Requirement
Could you copy the data that follows exactly as written, but drop the pictures?

Material to process
Content starts

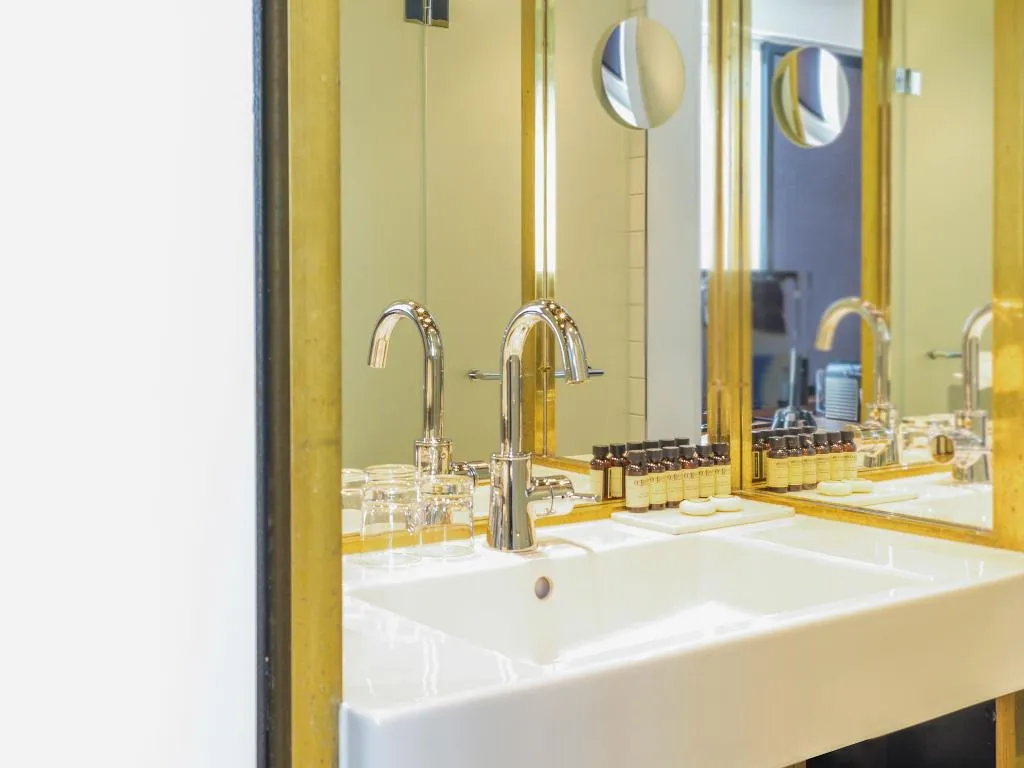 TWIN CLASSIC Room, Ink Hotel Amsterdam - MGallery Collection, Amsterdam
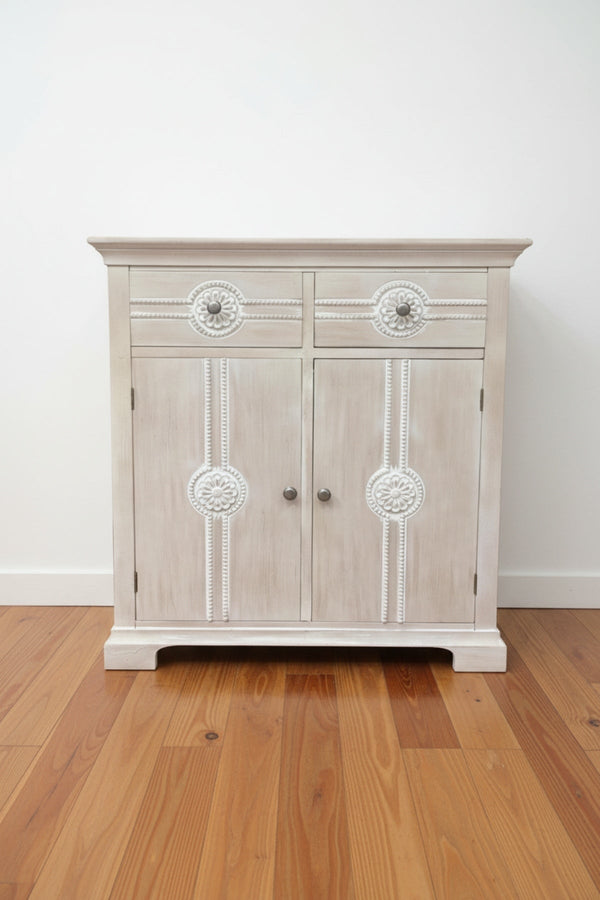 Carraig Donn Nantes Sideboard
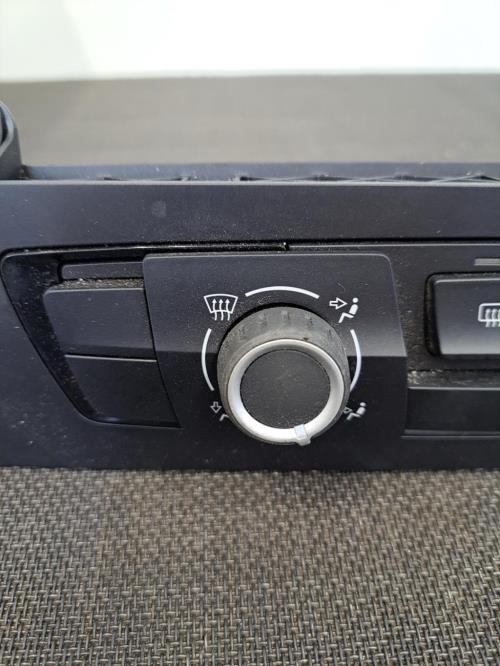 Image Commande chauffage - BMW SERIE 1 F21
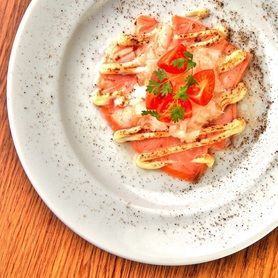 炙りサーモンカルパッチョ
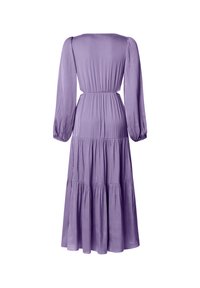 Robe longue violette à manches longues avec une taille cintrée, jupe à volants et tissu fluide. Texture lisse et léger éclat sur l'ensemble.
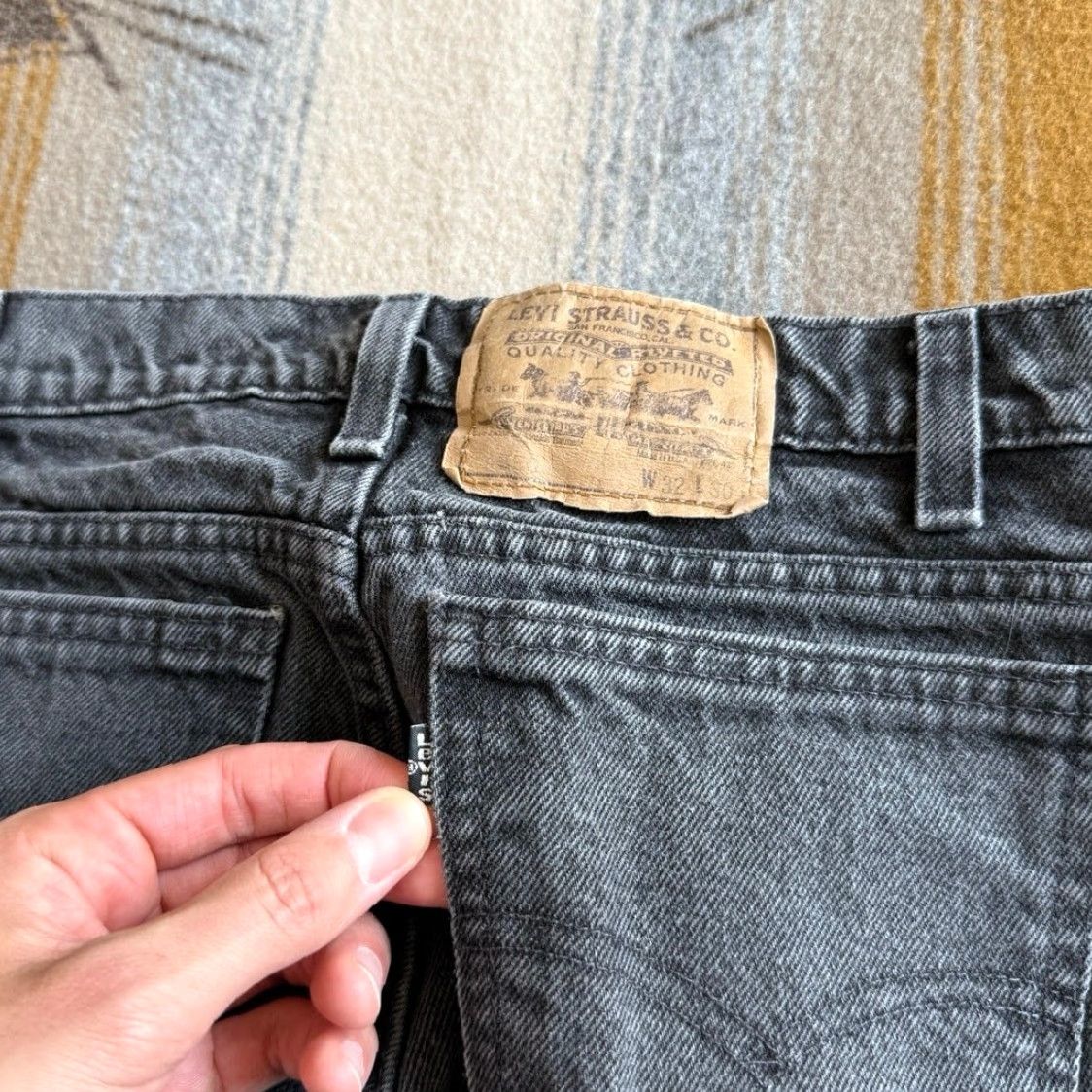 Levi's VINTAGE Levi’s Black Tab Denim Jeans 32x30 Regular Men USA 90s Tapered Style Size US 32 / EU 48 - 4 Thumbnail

Content ends

Written solution
 TWIN CLASSIC Room, Ink Hotel Amsterdam - MGallery Collection, Amsterdam
 Carraig Donn Nantes Sideboard
 Image Commande chauffage - BMW SERIE 1 F21
 炙りサーモンカルパッチョ
 Robe longue violette à manches longues avec une taille cintrée, jupe à volants et tissu fluide. Texture lisse et léger éclat sur l'ensemble.
 Levi's VINTAGE Levi’s Black Tab Denim Jeans 32x30 Regular Men USA 90s Tapered Style Size US 32 / EU 48 - 4 Thumbnail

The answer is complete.